At sixteen, freedom came wrapped in a small rectangular bit of plastic. Alex Yust got a fresh driver’s license from the Hollywood DMV. It wasn’t just about transportation, it was about going places on his own terms. Still, cycling was his first real escape. He could ride to the beach, to Hollywood, anywhere his legs would take him. It was his first connection to the road, and that feeling never left.
The M5 isn’t so different. It’s pure, mechanical, and direct. Feet move rods that open butterflies and push incompressible hydraulic fluid. Hands steer and levers move gear selectors. Like a bike, there are consequences when you push and pull on things. Unlike new cars, with the m5, there’s no interference in-between doing, and happening. If his bike is Alex’s simplest way to connect with the road, the M5 is the best way to amplify it.

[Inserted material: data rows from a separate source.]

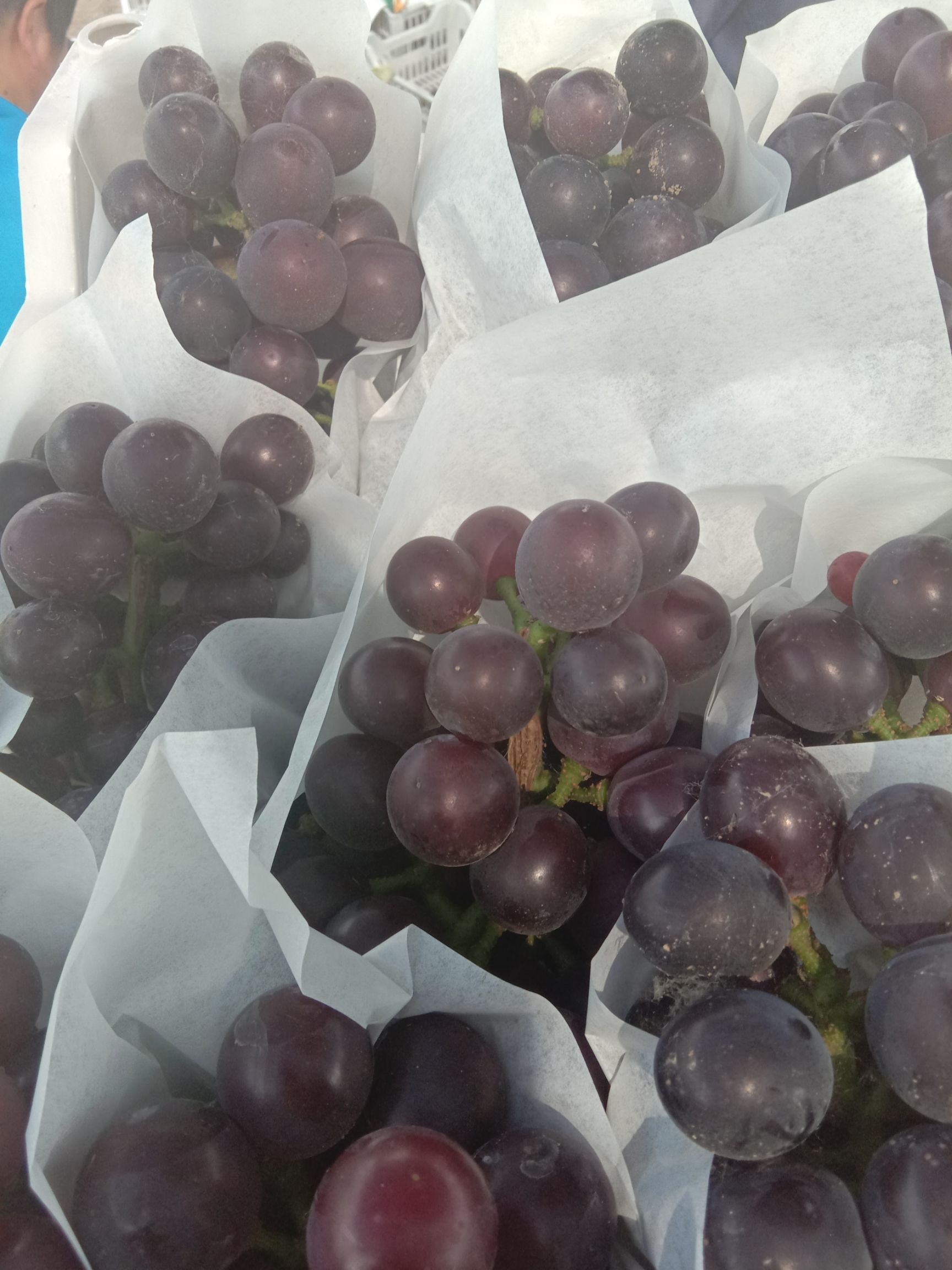  饶阳县优质葡萄大量上市乒乓球，维多利亚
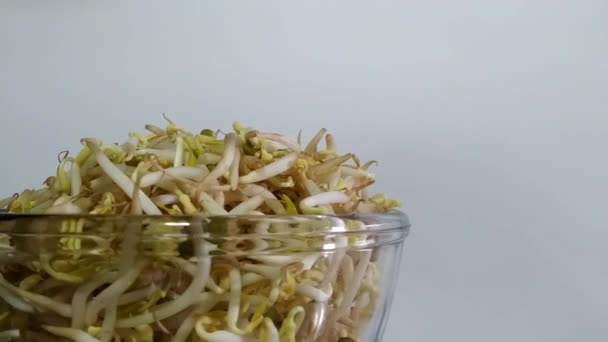Concept Spinning Bowl Full Mung Bean Sprout White Background Left — Stockvideo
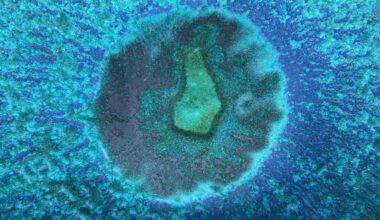 Why Good Embryos Still Don’t Implant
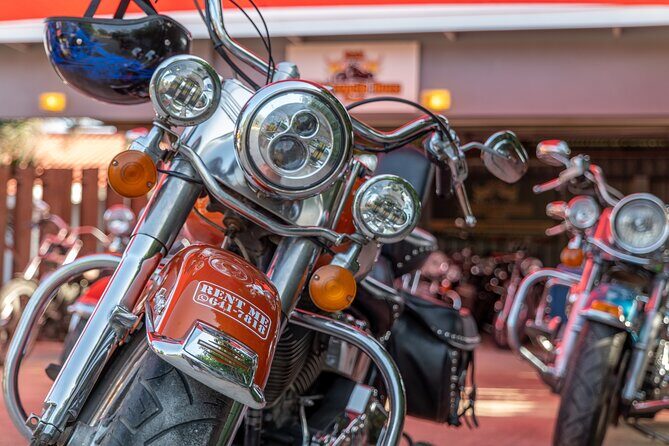 Harley-Davidson RENTALS ONLY 8 hrs - Final Thoughts: Who Should Consider This?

Then there’s the question: why does this car exist? Why did BMW take a race-bred engine and stuff it into a 5 Series? When it launched, it was the fastest sedan in the world, a car for those who wanted a family-hauler that could also outrun most sports cars. It was hand-built, absurdly over-engineered, and, in the U.S., available in exactly one color combination: black over beige.
Why? Maybe it’s that what the Germans thought we deserved, or maybe it was just German pragmatism. While European buyers got a wider range of options, BMW locked American customers into a single spec. No other colors. No manual seat adjustments. Just a black suit over a beige interior, no frills, no distractions. Before the M5, sedans were practical. After the M5, they had to be something more. The super-saloon market was born, and every automaker spent the next decade trying to keep up.
Alex’s car isn’t stock anymore. It’s been tweaked, refined, made better. It sits lower, grips harder. It’s carried 212,000 miles of history, across the country, through years of memories, through the hands of his cousin before him. And it’s still here, still moving. Plenty of people have tried to buy it, but he’s not selling. Some things, once they become a part of you, aren’t meant to be let go.